Enquanto Ban criou um museu móvel, construído a partir de contêineres, e trocou Tóquio por Paris para desenhar o novo Pompidou, o grupo Sanaa projetou a pedido de Yuko Hasegawa, curadora da mostra no MAM, o museu de Kanazawa, seguido do festejado New Museum, em Nova York, e bateu a iraquiana Zaha Hadid (por trás do ambicioso Guggenheim em Taiwan) no concurso para desenhar a filial do Louvre em Lens, no norte da França.
Entorno transbordante
"O que fizemos em Kanazawa é leve, aberto. O espaço pode transbordar ou dar um passo adentro, há uma relação flexível", explica Nishizawa, que lista entre suas influências arquitetos brasileiros conhecidos pela mesma fusão do espaço interno com o entorno. "Tenho muita simpatia por Niemeyer e Paulo Mendes da Rocha."
A mesma flexibilidade pauta o novo Pompidou, que será construído no nordeste da França, próximo à fronteira com a Bélgica, Luxemburgo e a Alemanha, na tentativa de criar ali um pólo cultural. Inspirado no formato de um chapéu chinês tradicional, o prédio não terá fachada: será uma espécie de grande tenda, que abre e fecha.
A idéia de revitalizar o entorno, muitas vezes inóspito, é outra marca dos projetos de Ban e do grupo Sanaa.
Ainda na França, o Louvre pediu a Nishizawa e Sejima um novo prédio, para onde decidiu levar 600 obras de seu acervo transbordante, até agora todo concentrado na sede, em Paris.
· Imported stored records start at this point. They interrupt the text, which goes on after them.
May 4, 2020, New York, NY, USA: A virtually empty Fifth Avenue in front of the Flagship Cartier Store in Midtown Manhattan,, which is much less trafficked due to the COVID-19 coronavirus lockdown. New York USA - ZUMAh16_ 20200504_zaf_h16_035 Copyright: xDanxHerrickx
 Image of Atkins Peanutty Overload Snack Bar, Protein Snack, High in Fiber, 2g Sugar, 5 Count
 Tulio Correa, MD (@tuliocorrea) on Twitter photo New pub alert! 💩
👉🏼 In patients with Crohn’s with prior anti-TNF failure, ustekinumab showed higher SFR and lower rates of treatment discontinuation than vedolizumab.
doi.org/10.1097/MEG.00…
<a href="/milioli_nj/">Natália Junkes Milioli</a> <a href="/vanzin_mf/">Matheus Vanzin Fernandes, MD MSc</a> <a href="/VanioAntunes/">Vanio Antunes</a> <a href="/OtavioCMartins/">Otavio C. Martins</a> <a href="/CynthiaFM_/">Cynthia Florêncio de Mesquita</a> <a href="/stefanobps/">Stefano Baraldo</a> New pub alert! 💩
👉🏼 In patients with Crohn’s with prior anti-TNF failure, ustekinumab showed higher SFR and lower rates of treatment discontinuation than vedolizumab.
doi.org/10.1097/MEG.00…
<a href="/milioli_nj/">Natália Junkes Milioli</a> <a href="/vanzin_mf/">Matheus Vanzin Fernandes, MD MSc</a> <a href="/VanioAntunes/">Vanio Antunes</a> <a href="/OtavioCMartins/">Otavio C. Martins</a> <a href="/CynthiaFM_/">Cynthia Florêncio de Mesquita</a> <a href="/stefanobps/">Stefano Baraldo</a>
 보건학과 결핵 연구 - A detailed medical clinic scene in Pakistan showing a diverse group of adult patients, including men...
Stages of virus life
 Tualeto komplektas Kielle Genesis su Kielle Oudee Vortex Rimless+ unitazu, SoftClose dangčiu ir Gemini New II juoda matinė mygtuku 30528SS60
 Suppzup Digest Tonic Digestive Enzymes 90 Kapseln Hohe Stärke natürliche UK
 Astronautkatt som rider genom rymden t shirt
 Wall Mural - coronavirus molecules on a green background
O anexo será em Lens, cidade industrial decadente no norte do país, vítima de uma crise econômica nos anos 90 que deixou no encalço só minas de carvão desertas e um time de futebol capenga.
Da mesma forma, o New Museum, no Lower East Side, devolve a vocação de celeiro das artes plásticas a uma parte de Nova York que sofreu com a especulação imobiliária -com aluguéis em alta, butiques expulsaram dali artistas e ateliês. "Fizemos algo com a cara do New Museum, supercontemporâneo", resume Nishizawa.